Instructions for the task ::
Among the records below, how many lines contain the word "West"? The answer is a single number.

::: Supplied records

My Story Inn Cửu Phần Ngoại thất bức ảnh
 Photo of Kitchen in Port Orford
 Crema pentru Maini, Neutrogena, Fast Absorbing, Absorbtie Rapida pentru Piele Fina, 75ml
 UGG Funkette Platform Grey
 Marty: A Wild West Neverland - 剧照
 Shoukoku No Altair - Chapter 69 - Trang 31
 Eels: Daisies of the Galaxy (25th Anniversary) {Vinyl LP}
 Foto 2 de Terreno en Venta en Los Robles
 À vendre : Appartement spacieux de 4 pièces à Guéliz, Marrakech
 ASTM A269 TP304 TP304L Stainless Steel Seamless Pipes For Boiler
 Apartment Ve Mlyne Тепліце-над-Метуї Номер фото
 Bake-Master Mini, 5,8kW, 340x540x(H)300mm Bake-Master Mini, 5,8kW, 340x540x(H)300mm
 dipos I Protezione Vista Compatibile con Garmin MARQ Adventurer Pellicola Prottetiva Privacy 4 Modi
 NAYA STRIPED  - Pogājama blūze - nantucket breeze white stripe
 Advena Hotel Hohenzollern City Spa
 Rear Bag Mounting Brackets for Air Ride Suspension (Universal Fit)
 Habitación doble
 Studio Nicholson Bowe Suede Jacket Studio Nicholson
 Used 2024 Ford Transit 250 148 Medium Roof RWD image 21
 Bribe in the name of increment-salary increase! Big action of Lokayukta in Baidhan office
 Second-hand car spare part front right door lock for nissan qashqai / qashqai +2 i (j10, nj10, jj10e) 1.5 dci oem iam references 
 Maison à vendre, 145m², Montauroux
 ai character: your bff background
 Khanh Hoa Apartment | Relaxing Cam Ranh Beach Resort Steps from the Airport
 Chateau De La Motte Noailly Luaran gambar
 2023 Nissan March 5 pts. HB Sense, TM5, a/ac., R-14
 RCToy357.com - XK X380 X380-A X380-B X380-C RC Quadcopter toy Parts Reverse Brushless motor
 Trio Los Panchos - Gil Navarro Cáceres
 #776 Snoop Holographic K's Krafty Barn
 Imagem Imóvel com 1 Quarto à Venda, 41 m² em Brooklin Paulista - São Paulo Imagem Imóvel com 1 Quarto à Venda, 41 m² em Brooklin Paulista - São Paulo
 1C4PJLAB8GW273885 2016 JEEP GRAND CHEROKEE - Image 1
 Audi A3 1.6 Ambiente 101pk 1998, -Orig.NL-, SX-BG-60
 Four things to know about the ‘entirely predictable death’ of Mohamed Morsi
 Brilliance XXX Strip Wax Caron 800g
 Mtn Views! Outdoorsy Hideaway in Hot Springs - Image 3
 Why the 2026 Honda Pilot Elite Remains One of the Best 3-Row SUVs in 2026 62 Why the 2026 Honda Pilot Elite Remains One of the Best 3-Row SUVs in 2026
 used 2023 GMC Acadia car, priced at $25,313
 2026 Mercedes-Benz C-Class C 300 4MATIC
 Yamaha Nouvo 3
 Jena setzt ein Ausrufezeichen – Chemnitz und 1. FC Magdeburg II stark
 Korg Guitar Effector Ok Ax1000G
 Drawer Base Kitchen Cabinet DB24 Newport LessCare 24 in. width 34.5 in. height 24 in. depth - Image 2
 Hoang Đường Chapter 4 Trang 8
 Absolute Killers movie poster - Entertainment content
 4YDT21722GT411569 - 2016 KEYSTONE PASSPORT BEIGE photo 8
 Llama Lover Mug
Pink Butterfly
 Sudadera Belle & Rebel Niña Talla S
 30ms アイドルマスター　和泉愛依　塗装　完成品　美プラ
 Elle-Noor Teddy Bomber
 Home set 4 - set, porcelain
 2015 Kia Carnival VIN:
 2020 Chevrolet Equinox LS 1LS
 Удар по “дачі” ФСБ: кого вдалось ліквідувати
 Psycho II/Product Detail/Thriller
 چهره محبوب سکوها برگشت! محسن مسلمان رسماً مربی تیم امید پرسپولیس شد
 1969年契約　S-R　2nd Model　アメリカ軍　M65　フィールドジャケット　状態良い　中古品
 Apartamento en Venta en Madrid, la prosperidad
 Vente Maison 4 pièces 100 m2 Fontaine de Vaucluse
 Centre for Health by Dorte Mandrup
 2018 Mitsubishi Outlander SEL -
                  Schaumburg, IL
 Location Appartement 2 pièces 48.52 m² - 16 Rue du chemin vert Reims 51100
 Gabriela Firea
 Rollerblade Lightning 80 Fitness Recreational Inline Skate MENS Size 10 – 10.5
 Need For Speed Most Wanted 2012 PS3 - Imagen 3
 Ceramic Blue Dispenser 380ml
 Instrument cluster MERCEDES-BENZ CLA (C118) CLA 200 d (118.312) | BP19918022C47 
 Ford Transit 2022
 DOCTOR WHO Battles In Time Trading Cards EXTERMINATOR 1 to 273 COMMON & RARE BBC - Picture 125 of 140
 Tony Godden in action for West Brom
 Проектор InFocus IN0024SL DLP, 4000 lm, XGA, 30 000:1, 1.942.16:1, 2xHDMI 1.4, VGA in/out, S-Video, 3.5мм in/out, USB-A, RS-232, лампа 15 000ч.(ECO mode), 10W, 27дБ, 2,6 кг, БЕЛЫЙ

::::::

Task response ::
2